Oct 021957
 
3,5 reels

Matt and Jean Spencer (Bill Travers and Virginia McKenna), a young, financially challenged, city couple, inherit a dilapidated cinema in a small town.  Working with a good-natured solicitor (Leslie Phillips), they attempt to sell it to a wealthy local businessman (Francis De Wolff) who wants the spot for a parking lot, but he decides to try and cheat them.  To get a better offer, the Spencers open the theater with the help of the aged staff: Percy Quill (Peter Sellers), an alcoholic projectionist, Mrs. Fazackalee (Margaret Rutherford), a cantankerous ticket-seller, and Old Tom (Bernard Miles), the senile janitor and doorman.

There’s a strong Ealing feeling to this British Lion film.  It’s a compact movie, with a group of eccentric characters,working together in the “British way” against adversity.  The difference comes in the leads.  Most of the Ealing comedies had everyone as part of the cavalcade of quirky personalities, but Matt and Jean Spencer are only abnormal in that they are better looking and more genial than your neighbors.  Jean is so amiable that there is no chance for the cinematically far-too-common marital bickering to sidetrack the story.  Real-life-couple Travers and McKenna, best known to American audiences as the lion-raising Adamsons in Born Free, couldn’t possibly have been as pleasant as their characters—no one is—but there is a feeling of real affection in their performances.  I was with them from the beginning.

The three ancient keepers of the crumbling theater create much of the atmosphere of the film, but have little of the screen time.  Rutherford, a mainstay of British comedy, was incapable of putting in a bad performance, and is again excellent here, though she has the least to do.  Sellers is at his best when he can lose himself in a character (here, a man forty or more years older than he), and he does that, without any of his characteristic slapstick getting in the way.  He gets many of the broader laughs as he tries to keep “his equipment” in working order.  Yup, there’s a double entendre or two.

Much of the comedy comes from Matt, the normal guy, dealing with strange situations that everyone else takes as normal.  People pay with chickens, a passing train rattles the ceiling, and the patrons are loud and destructive, but the older folks take it in stride.  Surprisingly, once he accepts this unusual world, the film works even better as all the “good guys” plot and plan together.

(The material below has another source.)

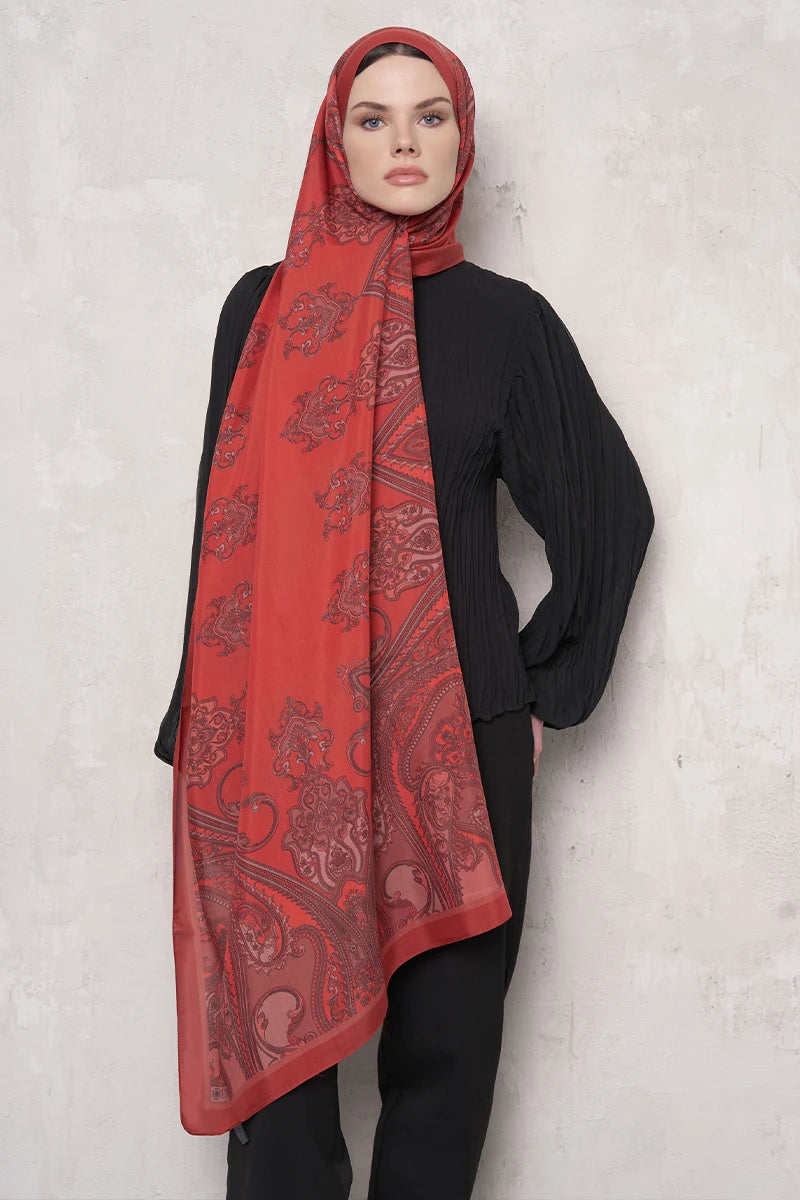 Floss Viscose Shawl Riseon Pattern - Red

By 1957, many of the post-war elements were fading from Post-War British Comedies, but not from The Smallest Show on Earth.  It has a notable linage with screenwriter William Rose (Genevieve, The Maggie, The Ladykillers), executive producers Sidney Gilliat & Frank Launder (The Happiest Days of Your Life, The Belles of St. Trinian’s, The Green Man, Blue Murder at St. Trinian’s, The Pure Hell of St. Trinian’s—and that’s not counting their directing and writing credits), cinematographer Douglas Slocombe (Hue and Cry, Kind Hearts and Coronets, A Run for Your Money, The Lavender Hill Mob, The Man in the White Suit, The Titfield Thunderbolt).  Plus there is the idiosyncratic characters and the us-against-them plot.  But what really solidifies its position in the movement is the setting, a ruined building, so common in the earlier films.  Run-down theaters were not unusual in England after WWII.  Resources were scarce and could not be spent on anything “frivolous,” so cinemas were looking pretty threadbare by the mid ’50s.

As Sellers went on to become the biggest star of the cast, The Smallest Show on Earth is marketed as a vehicle for his brand of comedy.  It’s a misleading sales pitch.  If you are expecting The Pink Panther, you’ll be surprised by what you get, though not disappointed.